A company wants to change its outsourcing accounting service provider. Does the outsourced accountant have the obligation to transfer the database from the accounting program to the company whose accounting is provided? Often, accountants come up with various reservations in order not to transfer it, as a result, the company has problems transferring accounting data to the new accountant.
Section 34, Part 1 of the Accounting Law (GL) stipulates that if the company's accounting is handled by an outsourced accountant, the head of the company must enter into a corresponding written agreement, in which the duties, rights and responsibilities of this person (outsourced accountant) are determined.
An outsourced accountant, in the sense of the aforementioned law, can be both a natural person and a merchant who is responsible for providing accounting outsourcing services.
GL does not have any mandatory requirements when entering into such an agreement with an outsourced accountant. It can be concluded from this that the contract for the provision of accounting services is a civil transaction between the parties, therefore it is necessary to specify the contract conditions as precisely as possible, which must meet the requirements of Articles 4, 5 and 6 of the GL, that is, that the important and the relevant information should be registered, organized, saved and, upon termination of the legal relationship, transferred in accordance with the accounting tasks, control and arrangement requirements.
Article 4 of GL stipulates that one of the tasks of accounting is to provide users of financial statements with true and complete information about the results of economic activity, financial position and cash flows.
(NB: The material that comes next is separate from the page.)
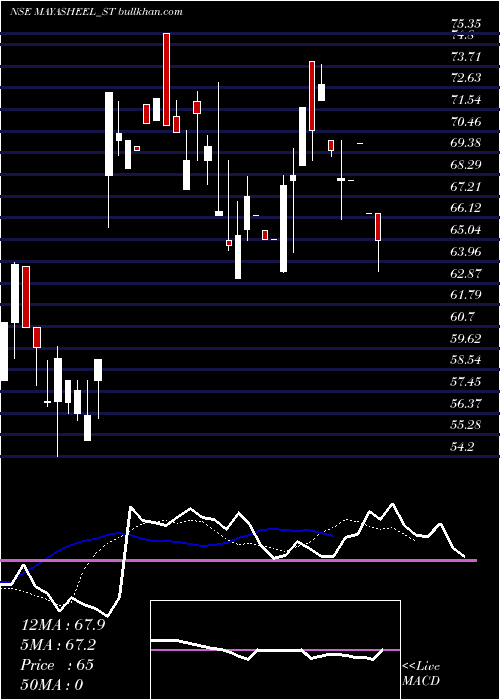  Daily chart MayasheelVentures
Therefore, the main duty of the accountant is to organize accounting documents in such a way that they meet the conditions and requirements of accounting.
On the other hand, according to Article 6, Part 5 of the GL, if accounting is done electronically, using an accounting computer program or accounting information computer system software, then the accounting documents are displayed on the screen of a computer or other electronic device in a human-readable format and provide the opportunity to create derivatives of these documents in paper form (printouts).
Taking into account all the mentioned accounting principles and conditions, it can be concluded that the accountant must transfer the company data to the company manager so that he can ensure successful accounting succession, even if the service provider is changed. Since the contract with the accounting service provider is a civil law transaction, such a contract should specify as precisely as possible the rules on the duties and responsibilities of the accountant, including specifying exactly in what format the accounting data is transferred to the company.